Ingredients:
Crust:
1 cup rolled oats
¼ cup almond meal
1 cup Medjool dates, pitted
dash of water
1/2 tsp of Himalayan salt
1/2 tsp vanilla extract
Filling:
1 cup cashews, soaked overnight
1 cup plant based yogurt plain (2 yogurt containers)
¼ cup maple syrup
2 Tbsp of date syrup
1 1/2 Tbsp chia seeds
1 tsp vanilla extract
1/2 tsp Himalayan salt
Raspberry Jam to cover the top of cheesecake
Instructions:
Soak Cashews overnight (don't skip this step)

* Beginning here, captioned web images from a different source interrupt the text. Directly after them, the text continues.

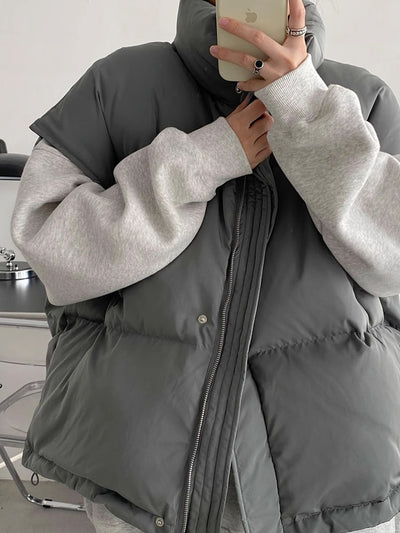 Chaqueta Casual Acolchada con Cuello Alto - Abrigo Térmico para Invierno - Image 21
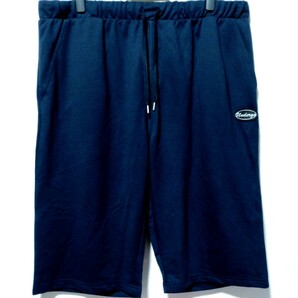 特価/未使用【サイズ=5L(4XL)】ノーブランド/メンズ/スウェット/ハーフパンツ/胴囲=112～122cm/navy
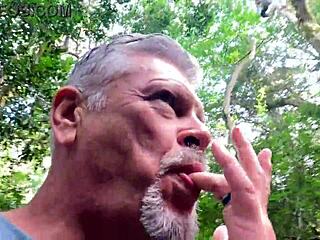 Garden of Eden Sex with Tight Milf Caught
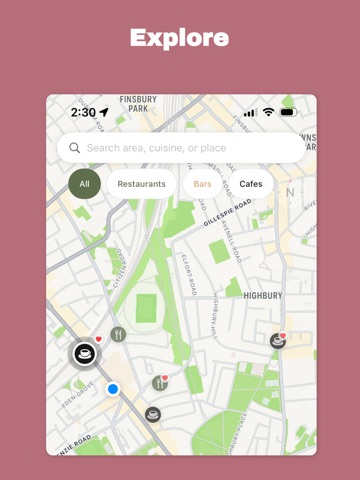 Cora Maps iPad screenshot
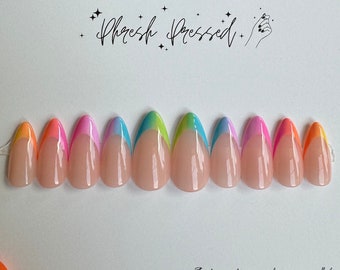 Ombre French Tip Press-on Nails | Choose your shades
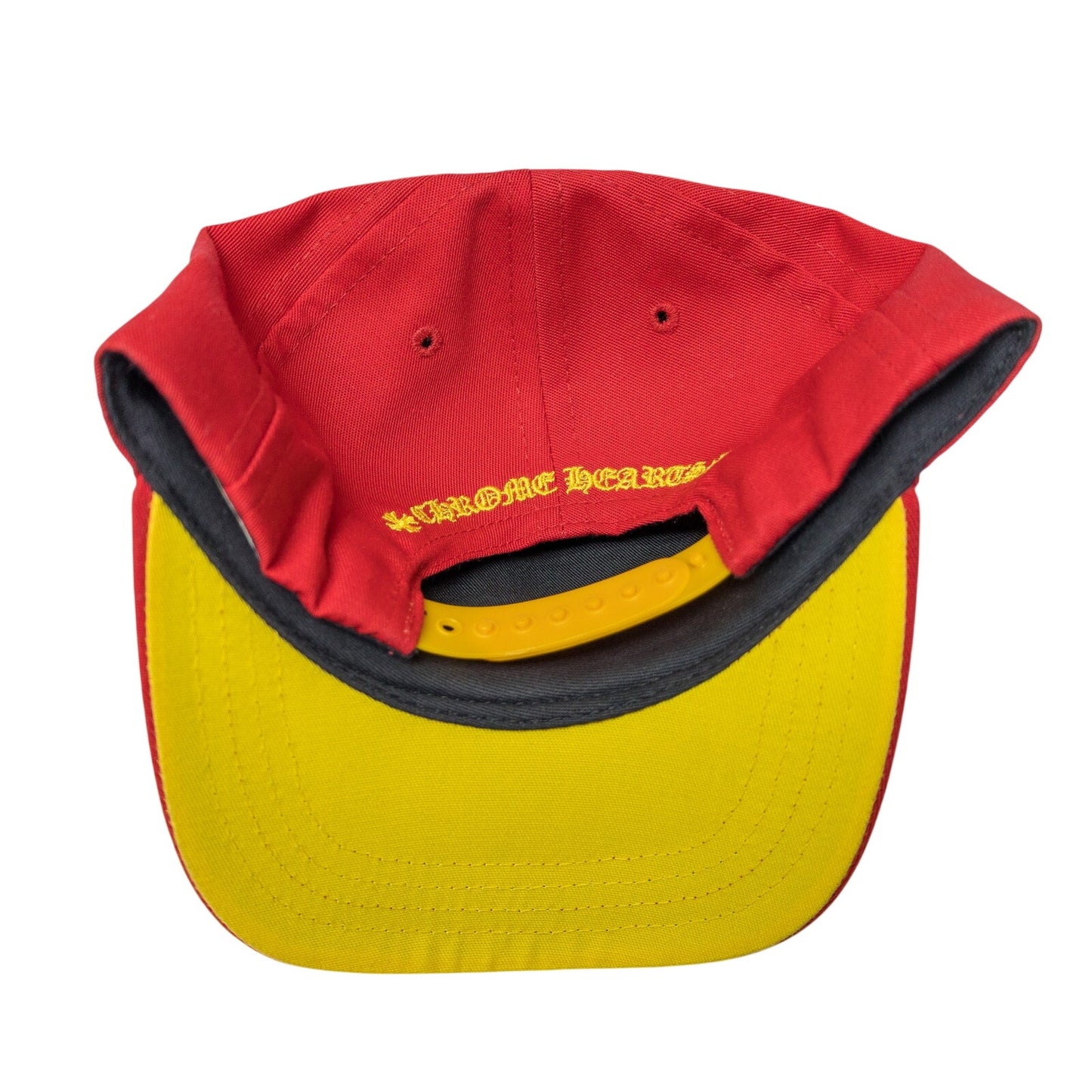 Chrome Hearts CH Baseball Hat 'Red/Yellow'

Place all the ingredients for the crust in a blender combined until crumbly
Line a springform pan with parchment paper and evenly spread the crust dough with your fingers, pressing it down and up the sides.
Preheat oven to 350F.
For the filling, combine all the ingredients in a high-speed blender (I used a Vitamix) and blend until you get a smooth consistency.

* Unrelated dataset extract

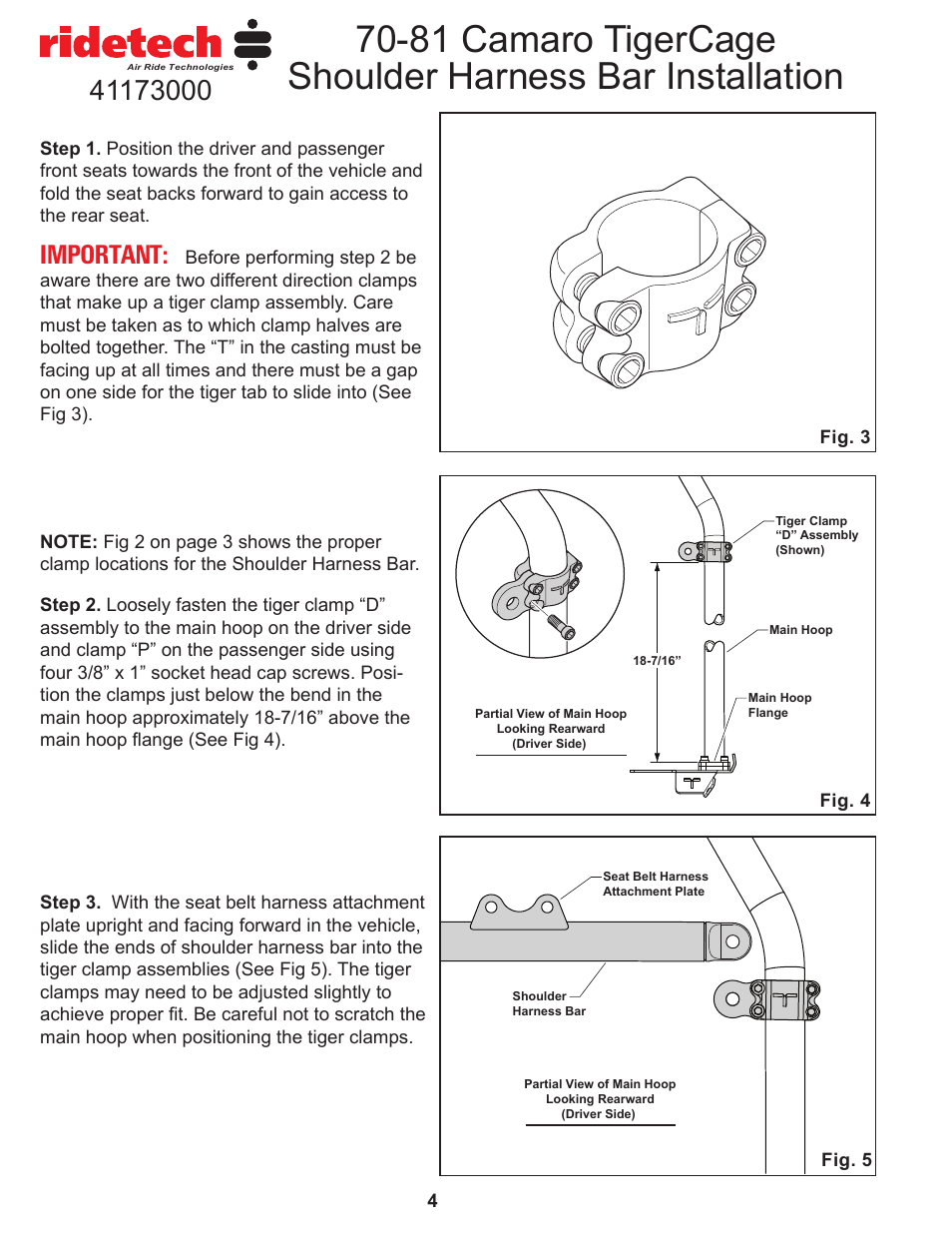 Important | Ridetech 41183000 User Manual | Page 5 / 9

Pour the filling over the crust and bake for 40-45 minutes at 350F until the top is golden
Once the cheesecake is baked, let it cool down and, lastly, add the raspberry jam on top.
For a different flavor of cheesecake, you could add in your favorite jam flavor to the filling or even make a peanut butter cheesecake! Plus fresh fruit would also be amazing as a topping.